# Captioned web images
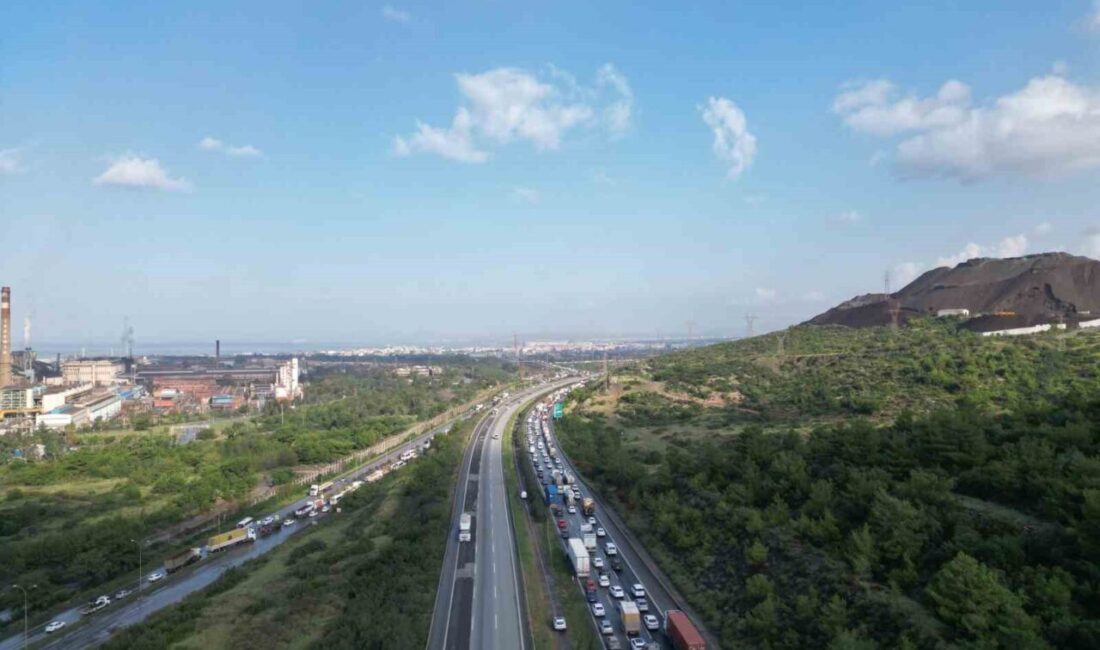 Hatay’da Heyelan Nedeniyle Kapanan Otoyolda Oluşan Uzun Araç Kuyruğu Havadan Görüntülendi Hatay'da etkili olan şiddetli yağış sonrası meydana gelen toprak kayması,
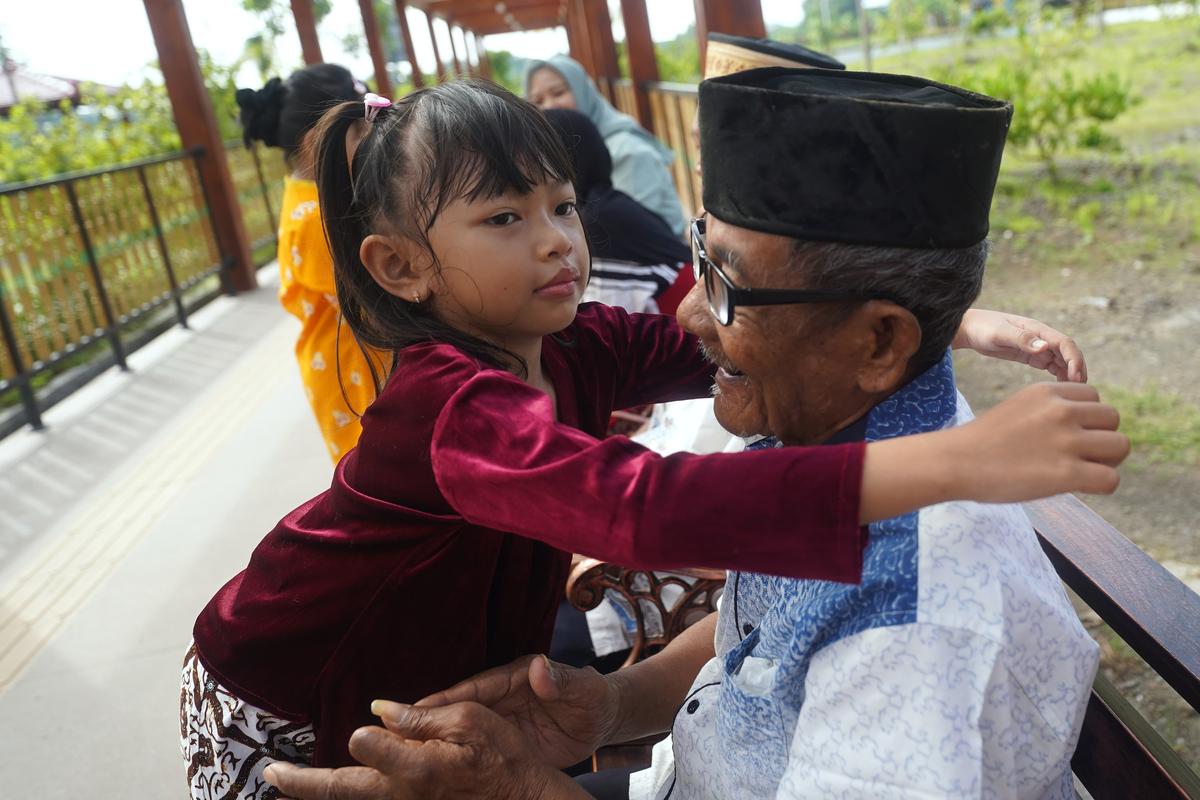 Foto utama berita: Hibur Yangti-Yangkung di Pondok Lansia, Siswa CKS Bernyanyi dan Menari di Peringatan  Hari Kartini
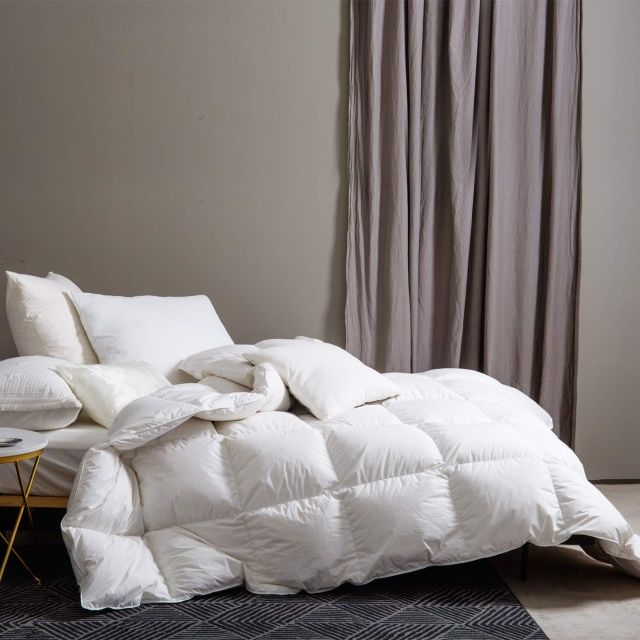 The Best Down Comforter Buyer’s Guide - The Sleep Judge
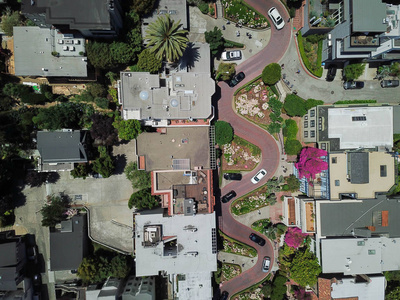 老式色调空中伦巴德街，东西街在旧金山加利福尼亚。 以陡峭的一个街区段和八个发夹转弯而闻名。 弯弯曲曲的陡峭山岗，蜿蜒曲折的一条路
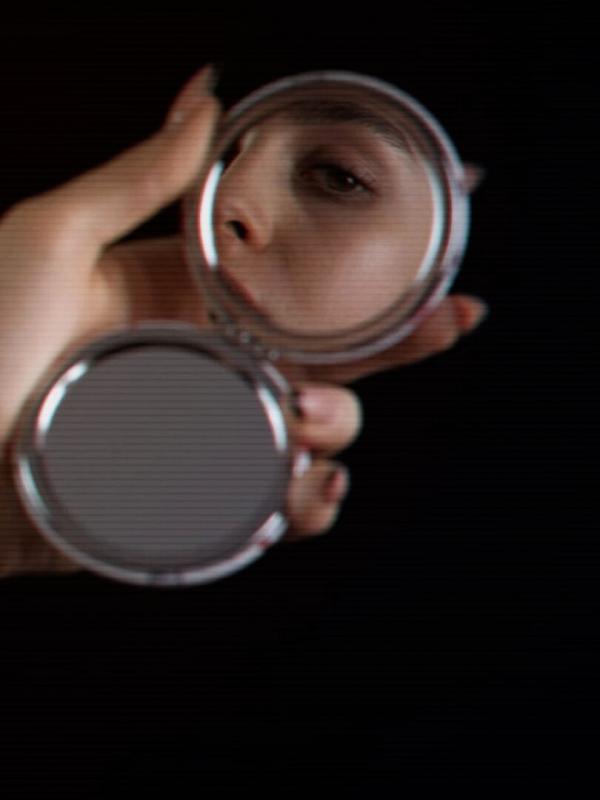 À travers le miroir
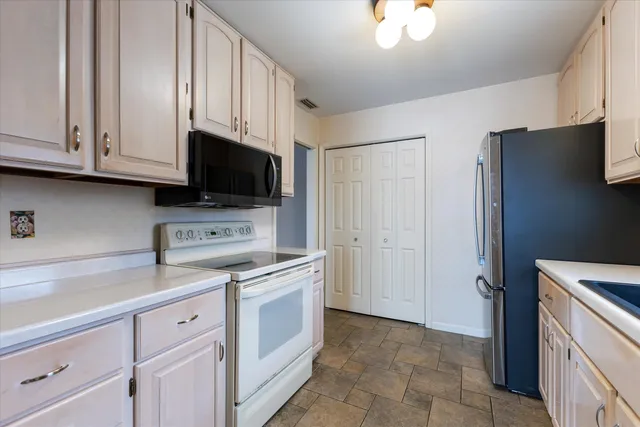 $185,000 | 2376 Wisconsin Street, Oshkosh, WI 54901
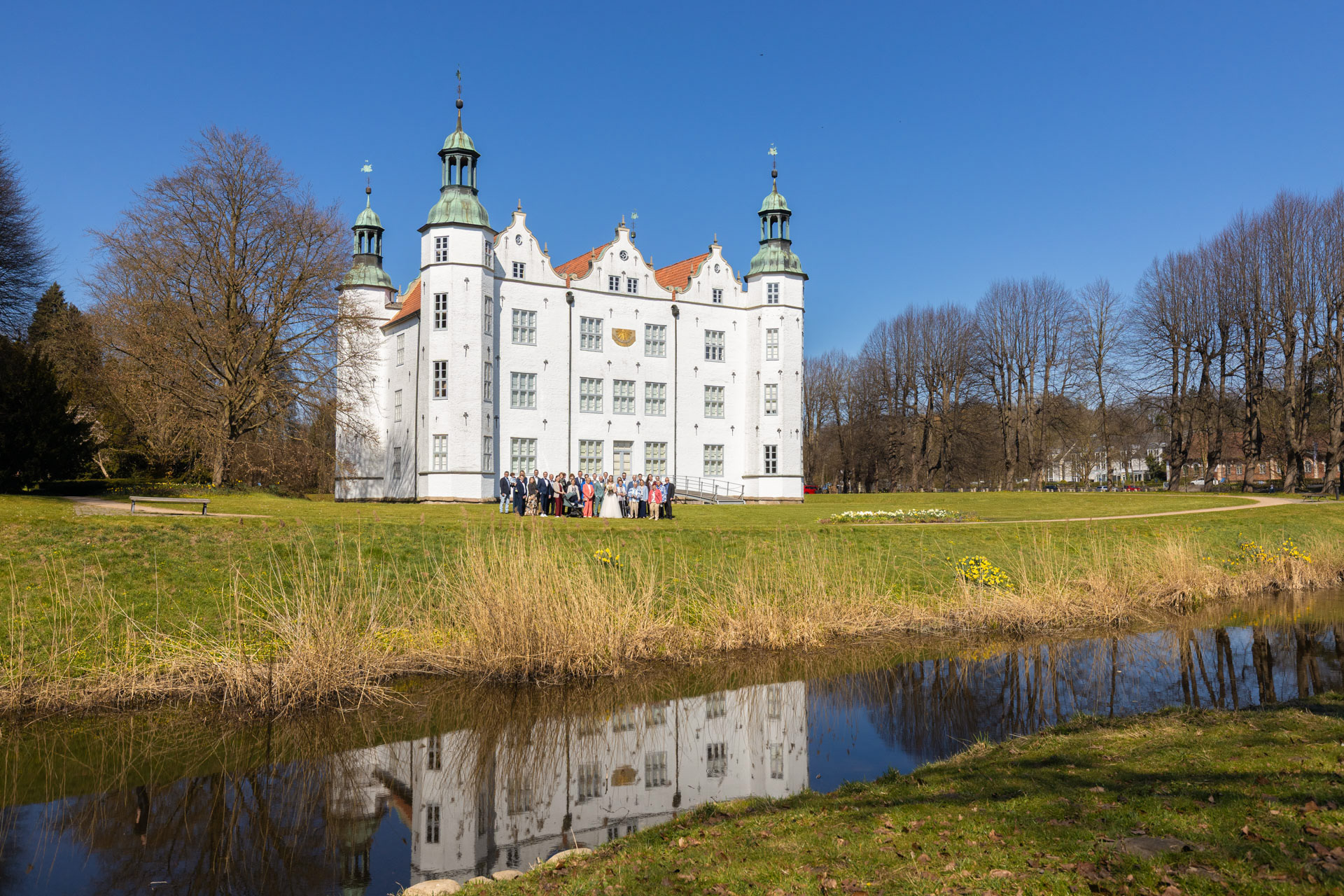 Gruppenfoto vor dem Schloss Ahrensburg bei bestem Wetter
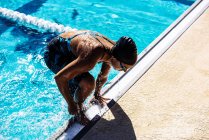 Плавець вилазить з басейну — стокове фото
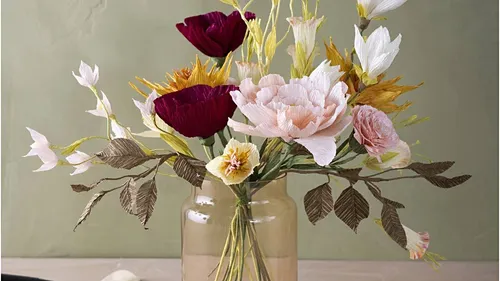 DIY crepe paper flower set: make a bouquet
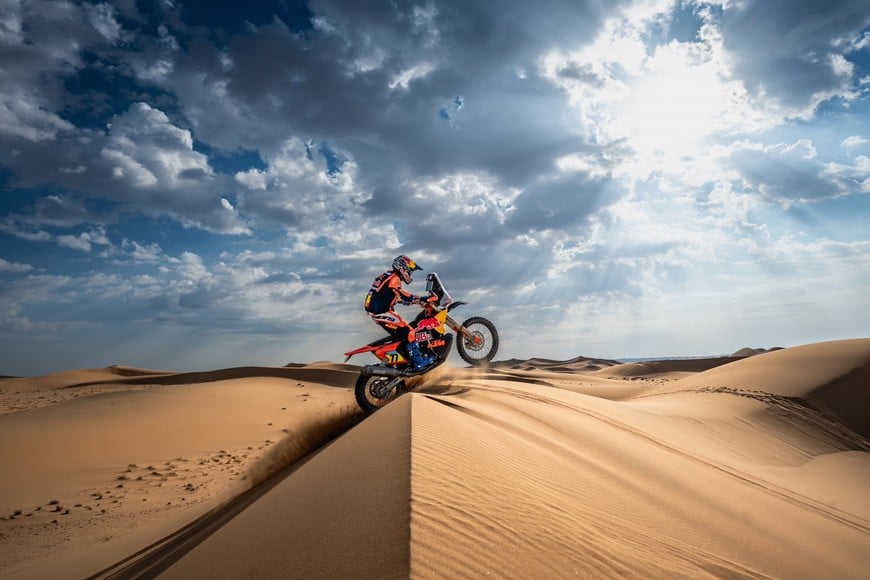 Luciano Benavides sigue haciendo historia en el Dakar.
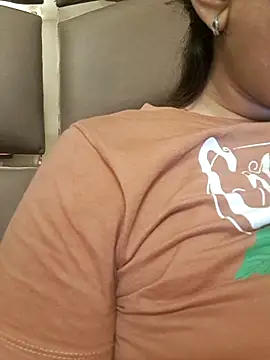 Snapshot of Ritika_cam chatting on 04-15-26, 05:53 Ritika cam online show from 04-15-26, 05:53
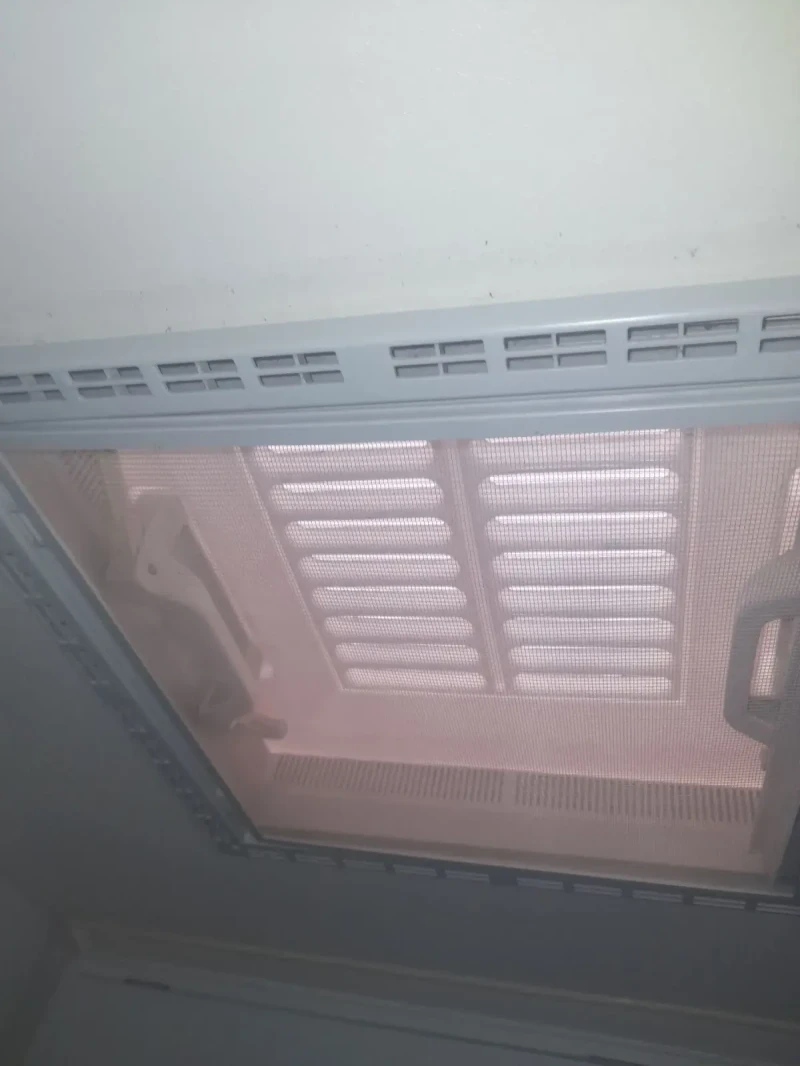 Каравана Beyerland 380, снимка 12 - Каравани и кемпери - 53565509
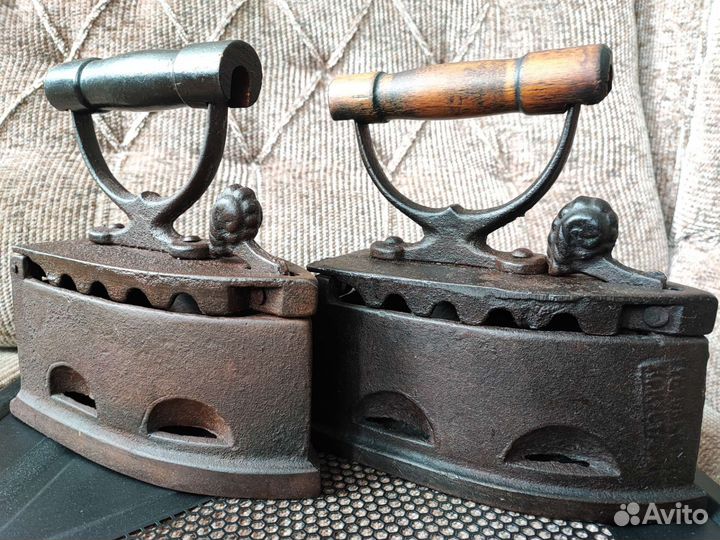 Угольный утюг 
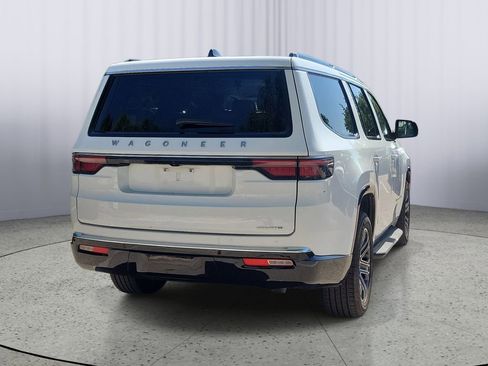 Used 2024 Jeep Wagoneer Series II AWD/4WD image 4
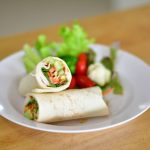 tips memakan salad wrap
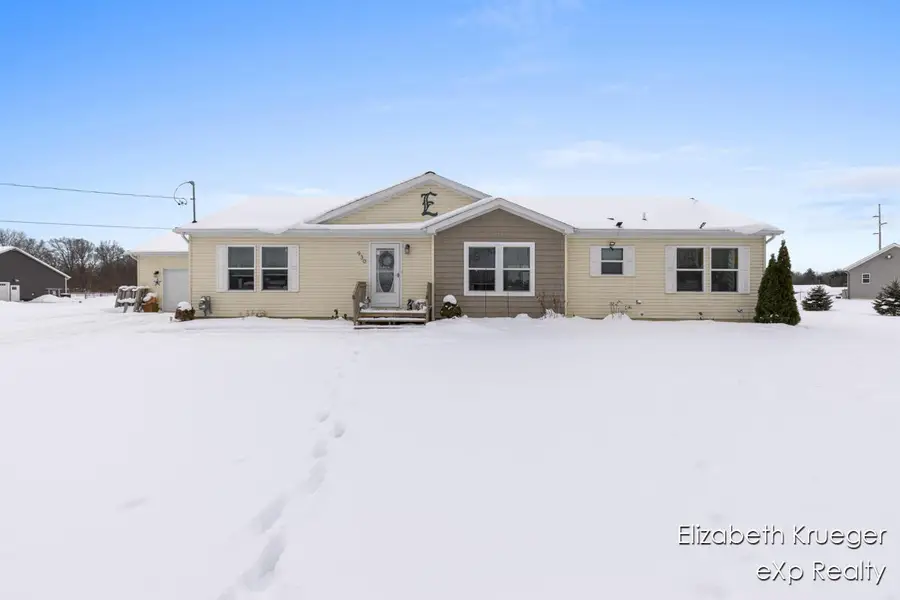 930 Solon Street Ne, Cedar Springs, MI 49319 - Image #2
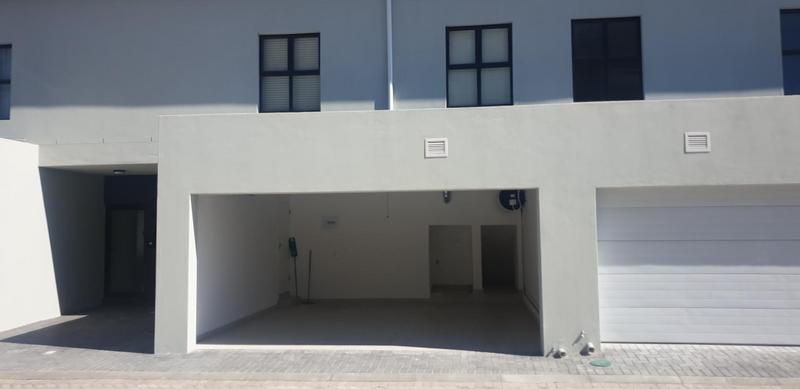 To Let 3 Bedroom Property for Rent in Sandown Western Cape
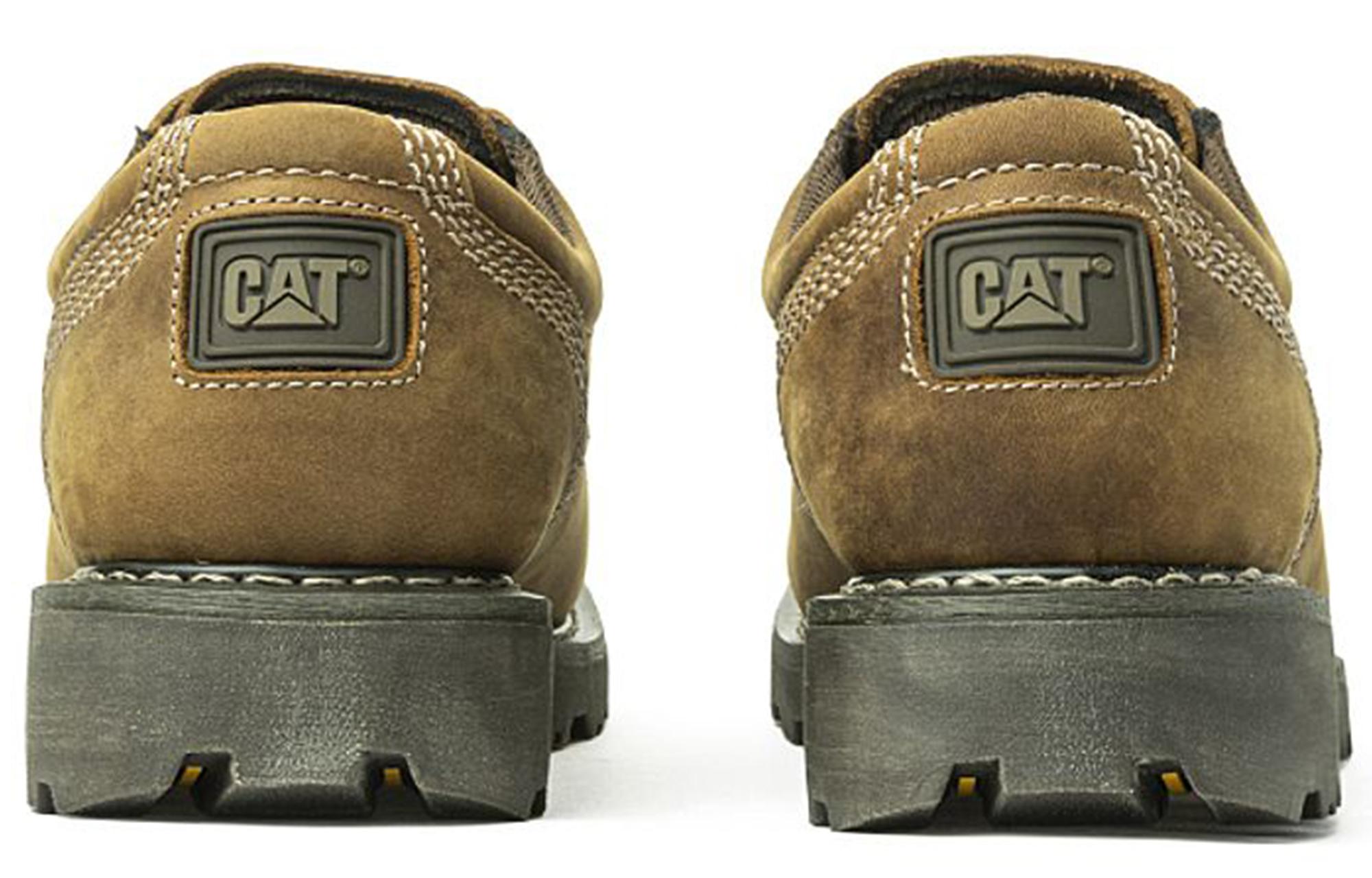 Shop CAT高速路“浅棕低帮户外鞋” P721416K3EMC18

# What you need to do
The answer must consist solely of the lines from the first line of the data through the line containing "Foto utama berita: Hibur", inclusive, reproduced exactly and without pictures.

# Exercise response
 Hatay’da Heyelan Nedeniyle Kapanan Otoyolda Oluşan Uzun Araç Kuyruğu Havadan Görüntülendi Hatay'da etkili olan şiddetli yağış sonrası meydana gelen toprak kayması,
 Foto utama berita: Hibur Yangti-Yangkung di Pondok Lansia, Siswa CKS Bernyanyi dan Menari di Peringatan  Hari Kartini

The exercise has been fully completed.